Webサイトの設計フェーズに欠かせないもののひとつに、モックアップ制作があります。
実制作に入る一歩手前、お客さまとの間で完成イメージをすり合わせる役割を担うとても大事なステップです。
今回はモックアップ制作に活躍するツール「Axure」と、グランフェアズで大切にしている作り方のポイントをご紹介します。
はじめに
グランフェアズで作っているモックアップは、こんな感じのものです。
後述しますが、大きな特徴はブラウザ上で実物に近いサイズ感、操作感で確認ができることです。
「図形で構成するのはワイヤーフレームでは?」「原寸大ならプロトタイプだよ」などなど、用語の定義としては物議を醸す点ではありますが…

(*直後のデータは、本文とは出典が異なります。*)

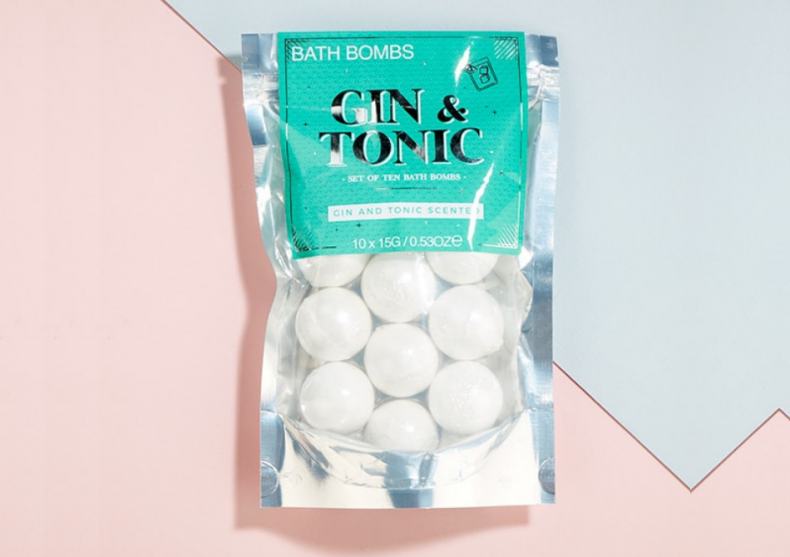 Gin and Tonic Bath Bombs -- Rasfata-te cu un cocktail clasic image
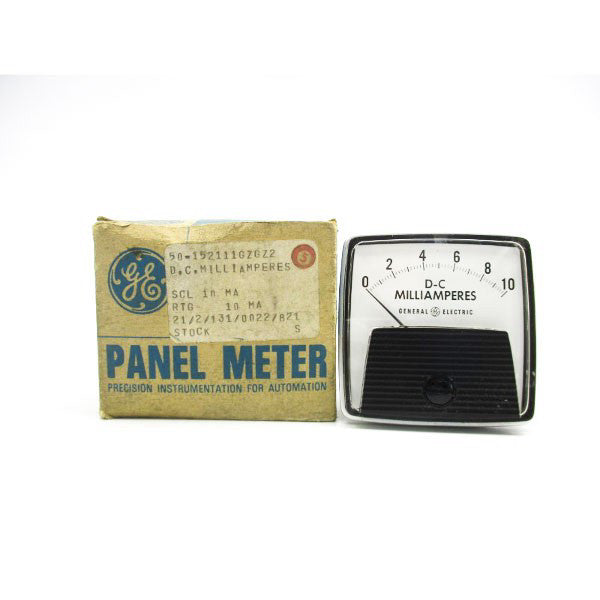 GENERAL ELECTRIC 50-152111GZZ2 0-10DCMA NSMP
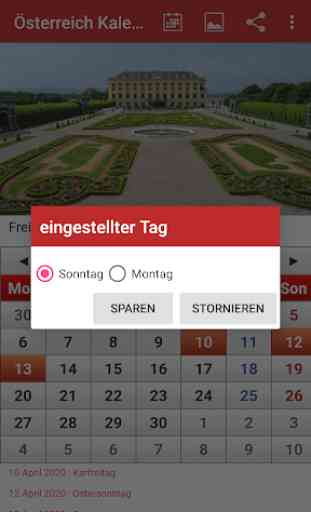 Österreich Kalender 2020 3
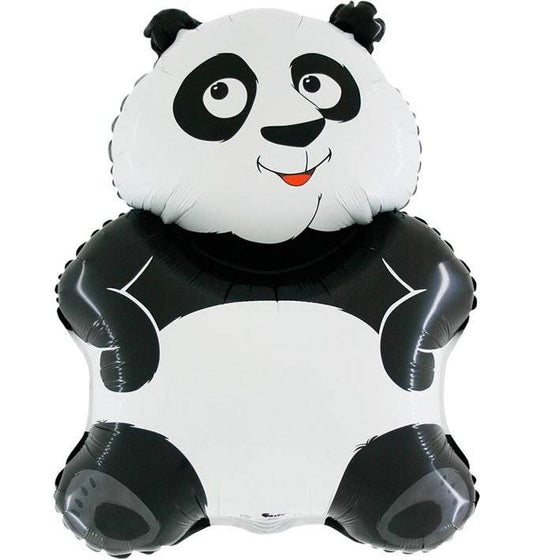 Panda Shaped Foil Balloon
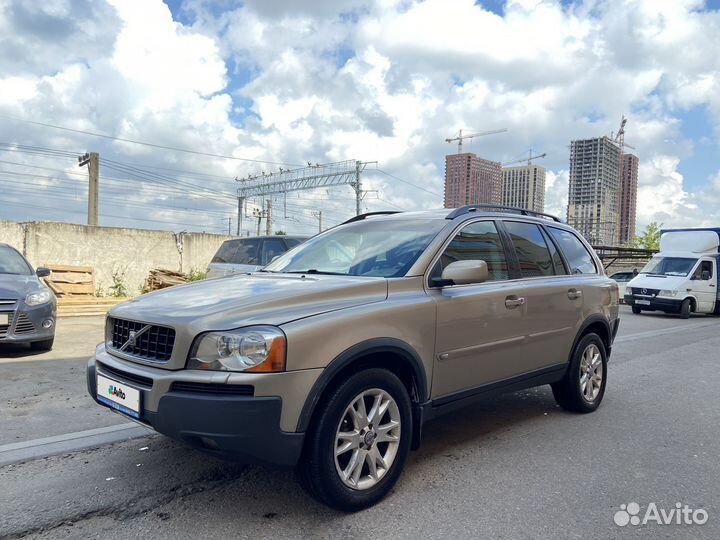Volvo XC90 2.9 AT, 2004, 238 600 км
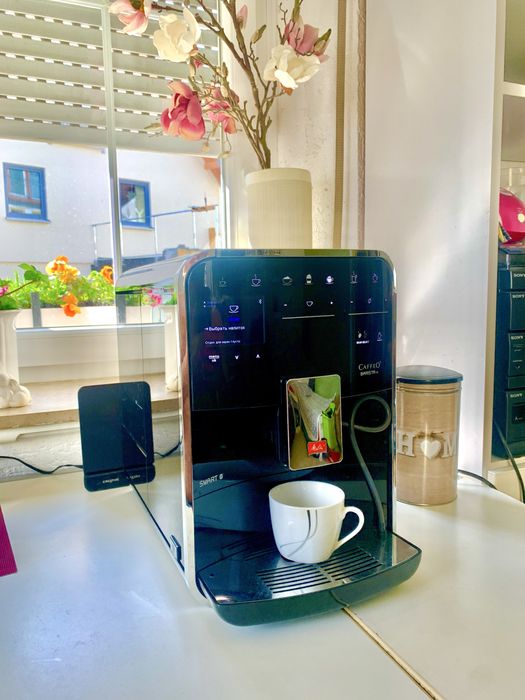 Melitta barista ts Smart(Bluetooth). Статистика-2.00.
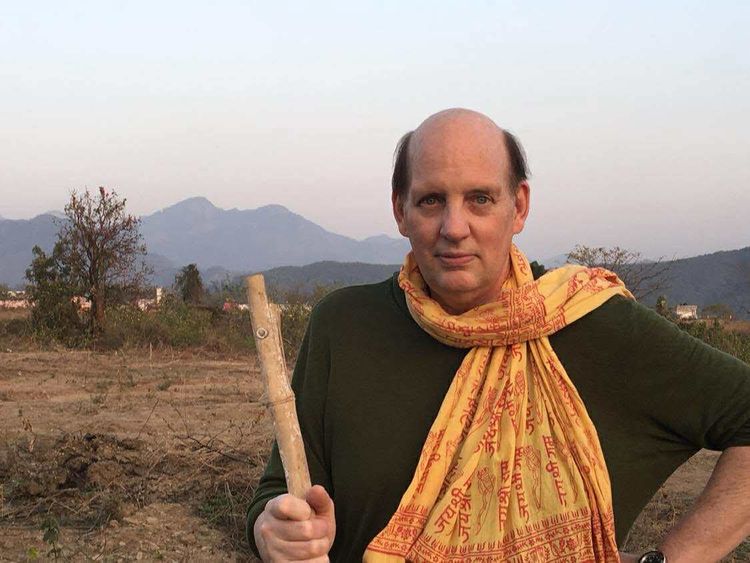 AS A BOY LIVING IN THE HIMALAYAS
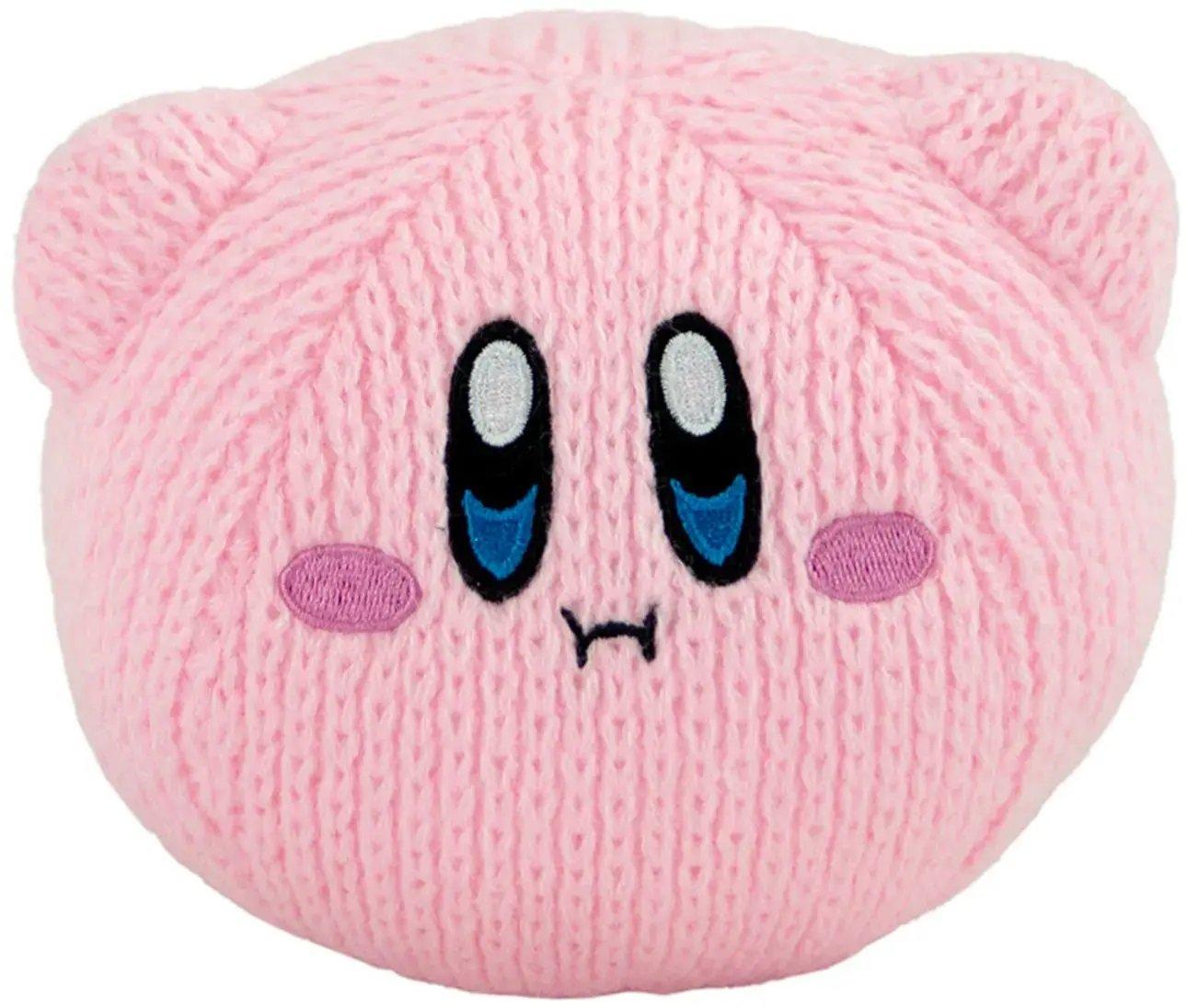 TOMY Club Mocchi-Mocchi Nuiguru Knit Kirby Jr 6-in Plush (Styles May Vary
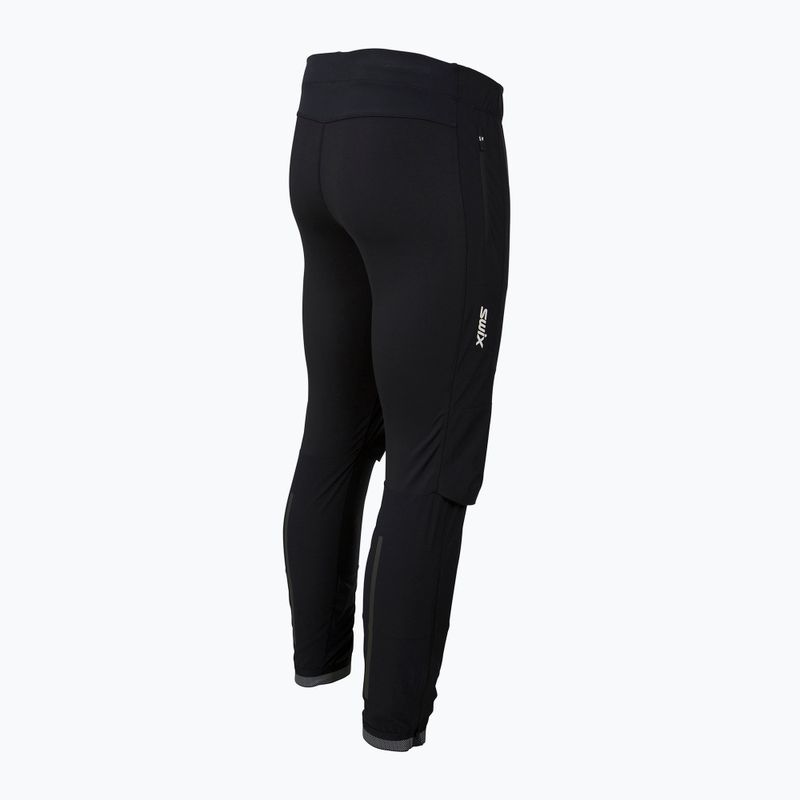 Férfi Swix Infinity sífutó nadrág fekete 23541-10000-S 6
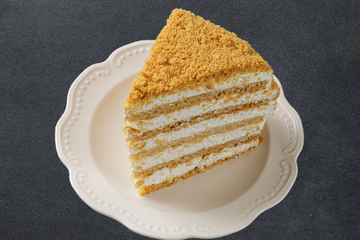 ハニーケーキ(1切り)/Honey Cake(1piece)/蜂蜜蛋(1)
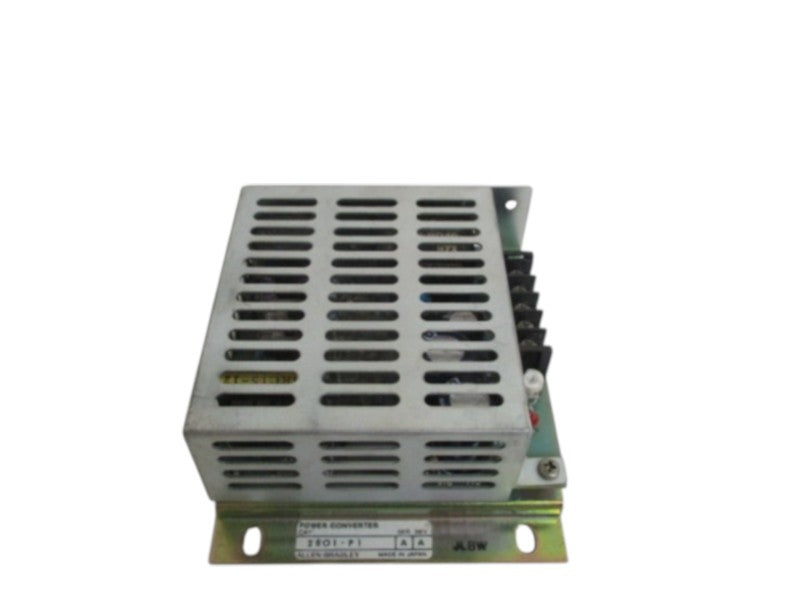 ALLEN BRADLEY 2801-P1 SER. A POWER SUPPLY CONVERTER UNMP
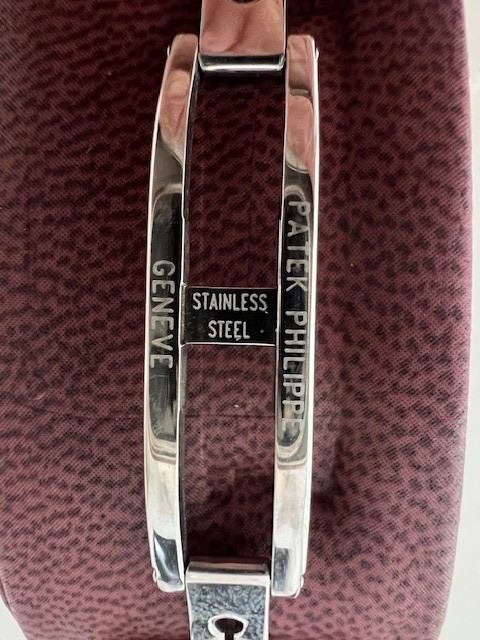 Patek Philippe Twenty-4 Slate Grey Diamond Dial Stainless Steel Box/ PAPERS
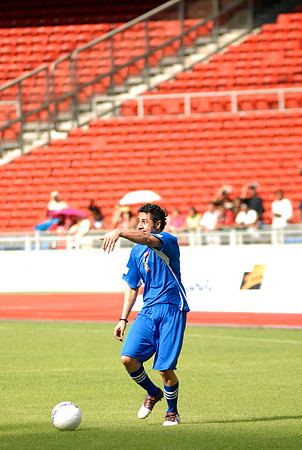 Celebrity Soccer Match
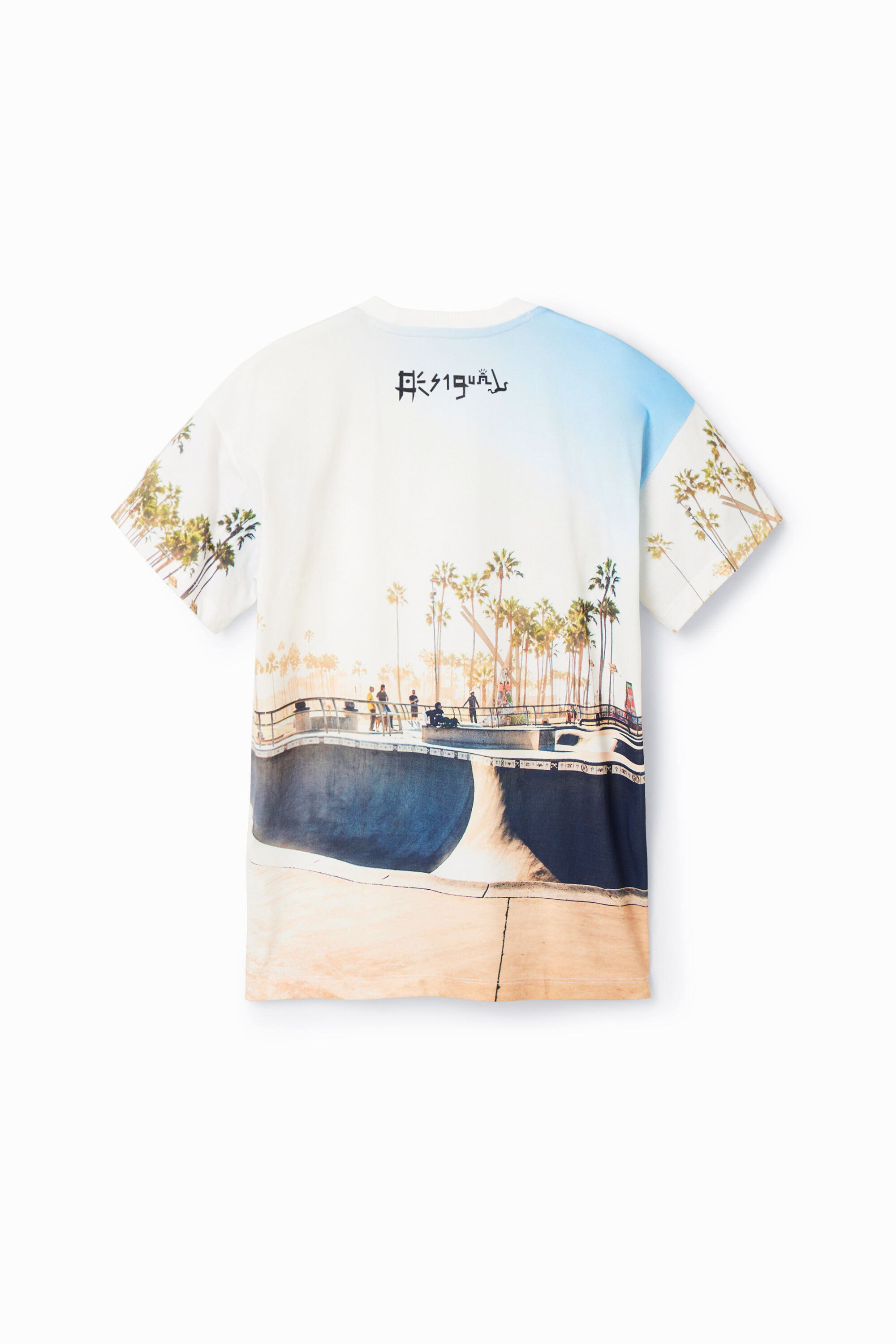 T-shirt photographique skater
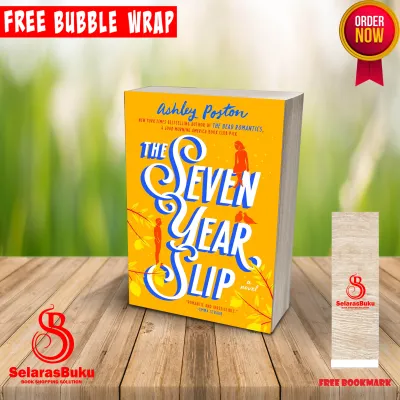 Books of Ashley Poston (The Seven Year Slip & The Dead Romantics) (ENGLISH VERSION)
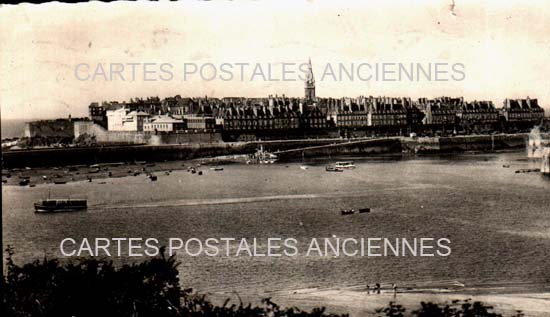 Cartes postales anciennes > CARTES POSTALES > carte postale ancienne > cartes-postales-ancienne.com Bretagne Ille et vilaine Saint Malo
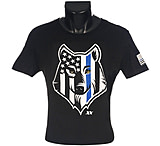 Image of 221B Tactical American Sheepdog Thin Blue Line T-Shirt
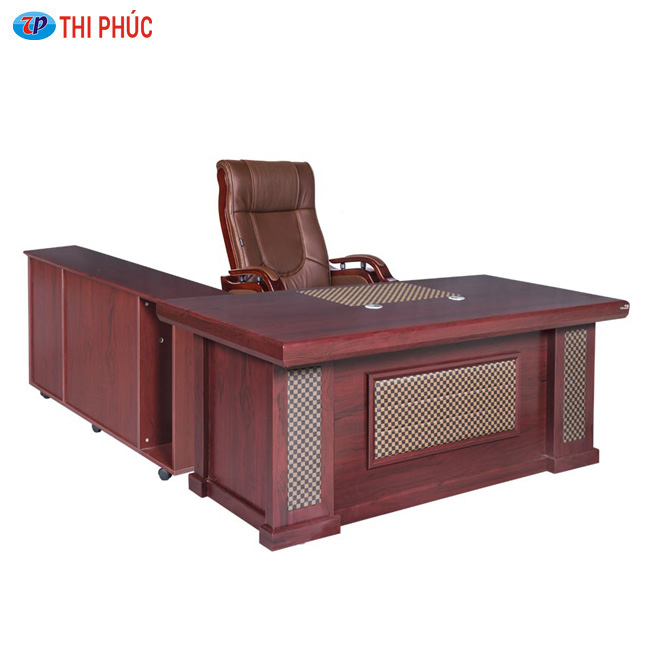 Bàn giám đốc The One sơn PU DT1890H16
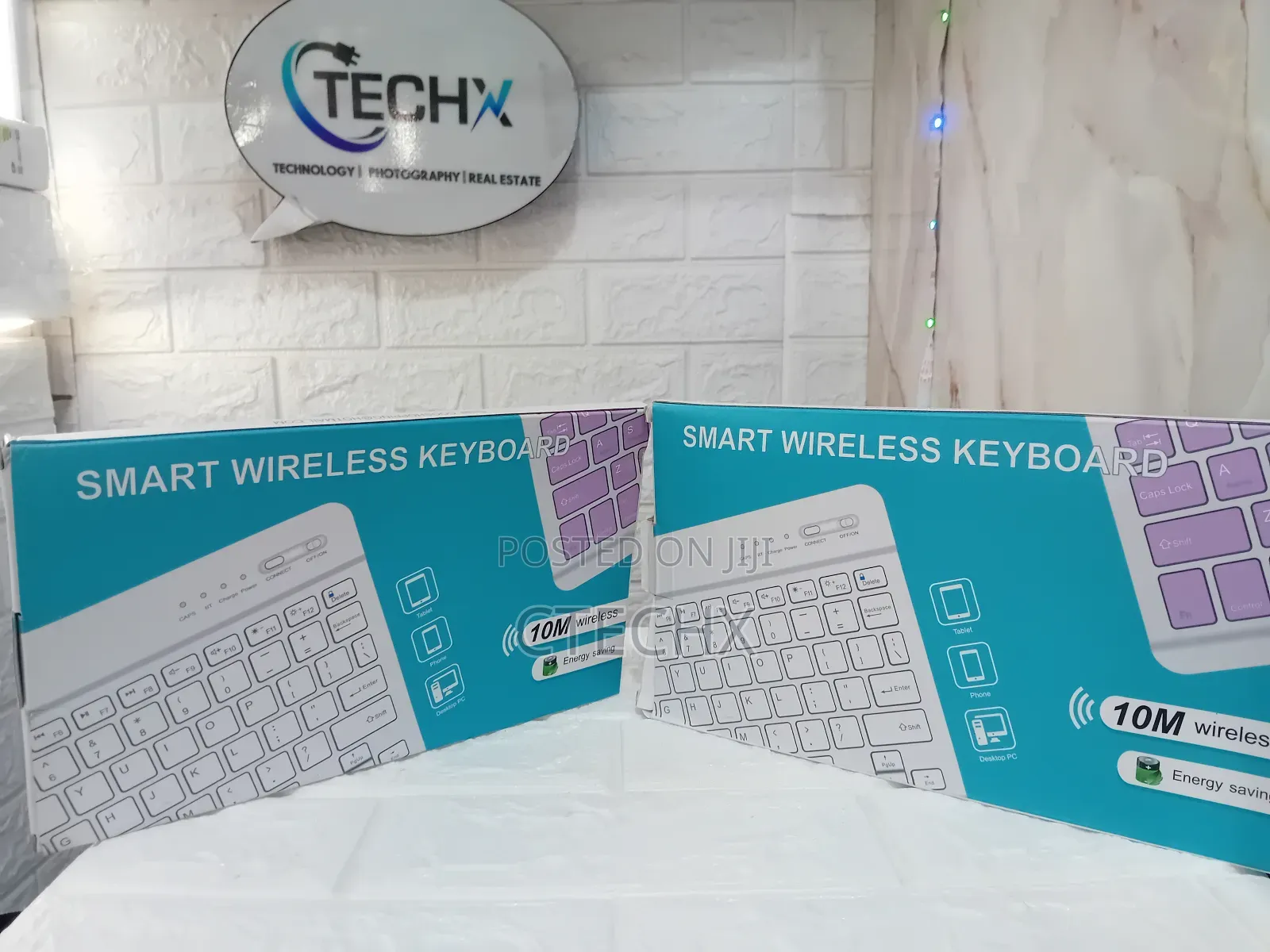 Bluetooth Keyboard for Windows, Android, Ios. Watermelon Red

社内の呼称に合わせ、当記事でも上記のようなものを「モックアップ」と呼ぶこととします。
「Axure」とは
Prototypes, Specifications, and Diagrams in One Tool | Axure Software
ツールの正式名称は「Axure RP」。通称「Axure(アクシュア)」です。
Windows, Macで動作します。
正式な利用にはライセンスの購入が必要になります。無料のトライアル期間が30日間あるため一度お試しで使ってみるとよいでしょう。
日本での代理店販売もあるようなので、興味をもった方は参考にしていただければと思います!
Axureを使うメリット
モックアップを作る目的は、会社とお客さま間、あるいは制作メンバー同士の間で、相互の認識を一致させること(= 合意形成)にあります。
それを果たす上でAxureをおすすめする理由は、下記のような特徴があるからです。
- HTMLで生成され、ブラウザ上で確認することができる
- クリックイベントなどのギミックがつけられる
見たときの印象や操作感が限りなく実物に近いので、モックアップで制作の意図を伝えつつ、関係者みんなの認識をしっかりと固めていくことができます。
その上でデザイン、コーディングなどのフェーズに入ることができると、結果的に手戻りを防ぐことに繋がるのです。
また作りながら、仕様や要件を満たすうえで必要なものの整頓・共有も兼ねられます。
Axureを使ってみよう
では、Axureでどのようにモックアップを作っていくのでしょうか。主要な機能をざっくりご紹介します。
Axureの画面構成
# | 名称 | 機能 |
---|---|---|
(1) | キャンバス | (2)で作ったページを開く。 |
(2) | Pages | ページを作成する。 親子関係も作れるので、サイトの階層構造に合わせて作ると◎。 |
(3) | Libraries | テキスト、表、図形など、モックアップを構成するウィジェット(要素)を(1)キャンバスへドラック&ドロップで配置する。 form要素など、Webサイト制作に欠かせない要素も揃っている。 |
(4) | Masters | ヘッダーやフッターなど、複数ページで共通して使うパーツを「マスタ」として登録できます。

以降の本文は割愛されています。